Project description:The proteasome is a validated target in drug discovery for diseases associated with unusual proteasomal activity. Here we report that two diphenyldihaloketones, CLEFMA and EF24, inhibit the peptidase activity of the 26S proteasome. The objective of this study was to investigate interaction of these compounds with the proteasome and identify a putative target within the protein components of the 26S proteasome. We employed standard fluorogenic peptide-based proteasome activity assay for trypsin-like, chymotrypsin-like, and caspase-like activities of human purified 26S proteasome in cell-free conditions. GFPu-1 and HUVEC cells were used as proteasome reporter cells. Direct binding studies used purified 19S, 20S, 26S, and recombinant RPN13-Pru for interaction with biotinylated analogs of CLEFMA and EF24. The reaction mixtures were subjected to horizontal gel electrophoresis, streptavidin-blotting, pull-down assays, and immunoblotting.
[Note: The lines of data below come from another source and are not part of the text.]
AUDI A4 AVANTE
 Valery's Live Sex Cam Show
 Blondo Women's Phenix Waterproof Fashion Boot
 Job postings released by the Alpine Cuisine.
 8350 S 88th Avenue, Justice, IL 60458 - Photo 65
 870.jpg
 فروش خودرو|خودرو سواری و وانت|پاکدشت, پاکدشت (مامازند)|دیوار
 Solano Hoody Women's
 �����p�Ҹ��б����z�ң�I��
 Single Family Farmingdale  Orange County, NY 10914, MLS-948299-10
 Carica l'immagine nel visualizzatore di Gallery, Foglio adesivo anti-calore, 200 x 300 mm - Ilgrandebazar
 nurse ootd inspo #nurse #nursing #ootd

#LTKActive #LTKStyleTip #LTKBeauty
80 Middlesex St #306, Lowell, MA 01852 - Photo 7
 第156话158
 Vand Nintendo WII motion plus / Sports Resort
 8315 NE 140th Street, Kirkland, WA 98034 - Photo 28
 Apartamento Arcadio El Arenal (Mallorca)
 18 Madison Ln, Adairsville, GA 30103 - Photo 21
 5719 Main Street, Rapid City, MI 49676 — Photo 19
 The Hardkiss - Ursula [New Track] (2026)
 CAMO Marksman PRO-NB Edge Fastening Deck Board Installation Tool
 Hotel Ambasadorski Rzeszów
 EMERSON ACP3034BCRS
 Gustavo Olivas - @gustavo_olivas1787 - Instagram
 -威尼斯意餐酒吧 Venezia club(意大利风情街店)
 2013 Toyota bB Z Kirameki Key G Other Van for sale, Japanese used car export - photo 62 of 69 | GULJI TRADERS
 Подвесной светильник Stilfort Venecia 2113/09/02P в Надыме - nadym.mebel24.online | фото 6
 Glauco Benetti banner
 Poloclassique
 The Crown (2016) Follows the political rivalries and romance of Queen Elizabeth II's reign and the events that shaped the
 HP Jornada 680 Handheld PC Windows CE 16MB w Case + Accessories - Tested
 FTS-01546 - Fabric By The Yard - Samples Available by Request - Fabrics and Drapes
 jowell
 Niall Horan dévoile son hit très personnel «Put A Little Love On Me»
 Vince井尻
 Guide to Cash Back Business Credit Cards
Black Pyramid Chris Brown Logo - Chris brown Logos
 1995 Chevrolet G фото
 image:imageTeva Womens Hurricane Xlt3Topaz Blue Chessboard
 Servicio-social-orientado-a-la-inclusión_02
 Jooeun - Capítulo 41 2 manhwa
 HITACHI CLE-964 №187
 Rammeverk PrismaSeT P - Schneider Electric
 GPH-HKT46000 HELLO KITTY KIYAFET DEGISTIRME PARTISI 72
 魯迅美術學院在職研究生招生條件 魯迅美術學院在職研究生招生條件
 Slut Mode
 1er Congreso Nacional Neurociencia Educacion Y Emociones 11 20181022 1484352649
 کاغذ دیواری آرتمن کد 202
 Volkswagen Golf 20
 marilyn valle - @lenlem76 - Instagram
The identity of the interacting protein was determined by 2D gel electrophoresis and LC-MS/MS. Drug affinity responsive target stability technique was utilized to examine if CLEFMA binding confers protection to RPN13 against thermolysin-catalyzed proteolysis. We found that trypsin-and chymotrypsin-like activities of the 26S proteasome were reduced significantly by both compounds. The compounds also reduced the proteolytic activity in GFPu-1 and HUVEC cells, resulting in accumulation of ubiquitinated proteins without affecting the autophagy process. From direct binding assays a 43 kDa protein in the 26S proteasome was found to be the interacting partner. This protein was identified by tandem mass spectroscopy as regulatory particle subunit 13 (RPN13), a ubiquitin receptor in the 19S regulatory particle. Furthermore, binding of CLEFMA to RPN13 did not protect latter from thermolysin-mediated proteolysis. Together, this study showed diphenyldihaloketones as potential proteasome inhibitors for treatment of diseases with perturbed proteasome function. The results also unraveled RPN13 as a unique target of CLEFMA and EF24. As a result, these compounds inhibit both trypsin-like and chymotrypsin-like proteasome activities.